At last week’s City Council meeting, Richmond resident Leonard Taylor complained about the hikes, saying he may have to stop doing his laundry and engage in only “weekend shower activities.”
“I know this was painful,” said Lesa McIntosh, EBMUD board member representing Richmond and West County. But, she says the water utility’s rates are still comparably reasonable, “Out of thirteen agencies [in the Bay Area], our rates are still lower than ten.”
EBMUD spokesperson Abby Figueroa cited an aging infrastructure, the rising cost of chemicals and a change in the agency’s financing, as the reasons for the rate hikes. “We’re moving to a pay-as-you-go system, which requires a bigger investment,” Figueroa said.
McIntosh said an additional factor is that people are using less water, and this has spelled a loss in revenue. Following a drought in 2008, “Those sales really never recovered, which in my mind is a good thing. People are starting to understand the need for conservation and are doing better at it,” McIntosh said.
“It’s one of those ironies that pervades the water world,” said Carolyn Remick, executive director of the UC Berkeley Water Center. “They’re spreading the costs over a smaller volume of water.”
Figueroa pointed to the water company’s system of tiered rates as part of a program to encourage conservation by discouraging waste.
Regulation and technology have also brought new costs along with cleaner water, Figueroa said. “We know more now. Ten to 30 years ago we didn’t know about many contaminants and couldn’t measure them.” However, Figueroa said there is the need “to balance what is technically feasible with the costs.”
As the cost of water increases, McIntosh said, large numbers of people will be affected.

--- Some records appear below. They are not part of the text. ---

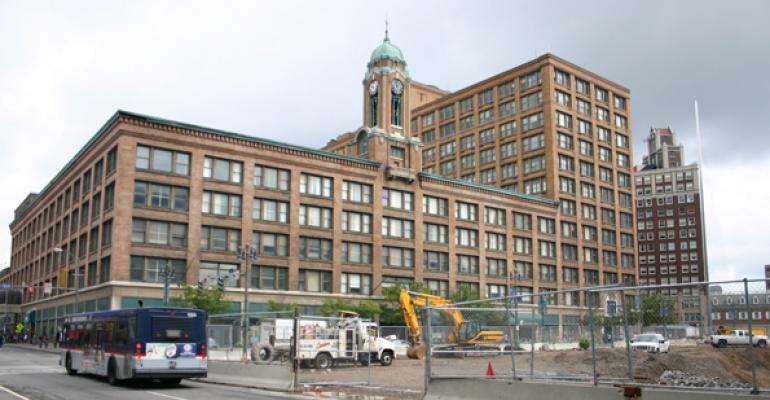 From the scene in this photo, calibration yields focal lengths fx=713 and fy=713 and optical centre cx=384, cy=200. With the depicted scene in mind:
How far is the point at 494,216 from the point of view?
281ft

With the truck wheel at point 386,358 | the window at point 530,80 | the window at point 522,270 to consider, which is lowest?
the truck wheel at point 386,358

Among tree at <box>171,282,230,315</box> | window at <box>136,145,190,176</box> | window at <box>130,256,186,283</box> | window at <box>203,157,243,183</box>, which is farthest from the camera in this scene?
window at <box>203,157,243,183</box>

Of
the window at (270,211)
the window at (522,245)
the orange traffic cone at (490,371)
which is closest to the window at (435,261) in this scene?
the window at (522,245)

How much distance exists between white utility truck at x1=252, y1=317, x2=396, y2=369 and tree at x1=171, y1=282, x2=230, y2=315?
21877 mm

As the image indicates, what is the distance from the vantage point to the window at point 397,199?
74.8m

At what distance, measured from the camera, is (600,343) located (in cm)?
1579

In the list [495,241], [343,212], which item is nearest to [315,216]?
[343,212]

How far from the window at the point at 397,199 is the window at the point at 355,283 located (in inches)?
319

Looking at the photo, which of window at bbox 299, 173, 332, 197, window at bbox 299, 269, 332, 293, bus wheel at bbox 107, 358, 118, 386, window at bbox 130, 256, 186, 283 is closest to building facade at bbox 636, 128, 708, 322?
window at bbox 299, 269, 332, 293

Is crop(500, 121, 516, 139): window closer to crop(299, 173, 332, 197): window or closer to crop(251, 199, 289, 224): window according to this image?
crop(299, 173, 332, 197): window

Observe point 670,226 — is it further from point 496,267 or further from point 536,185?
point 496,267

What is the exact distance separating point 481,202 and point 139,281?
41.2m

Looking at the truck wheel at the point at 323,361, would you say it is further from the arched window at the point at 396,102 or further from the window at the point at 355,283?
the arched window at the point at 396,102

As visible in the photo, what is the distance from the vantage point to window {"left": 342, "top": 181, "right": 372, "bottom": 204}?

She said she is especially sensitive to the needs of Richmond ratepayers, “I was born and raised here. I have lifelong friends and family who are living on a fixed income.” McIntosh said that through aggressive leak detection, renewable energy projects, advanced uses of recycled water, and minimizing supply costs she thinks EBMUD can end this cycle of rate hikes.
“California is accustomed to unrealistically cheap water,” Remick said. There have been steeper rate increases in other parts of the country, “In reality, we are catching up to real costs. [Rates] can’t go up indefinitely, but we might see a shift where people come to expect more of their paycheck to go toward their water. The forecast for cheap water in the future does not look very good.”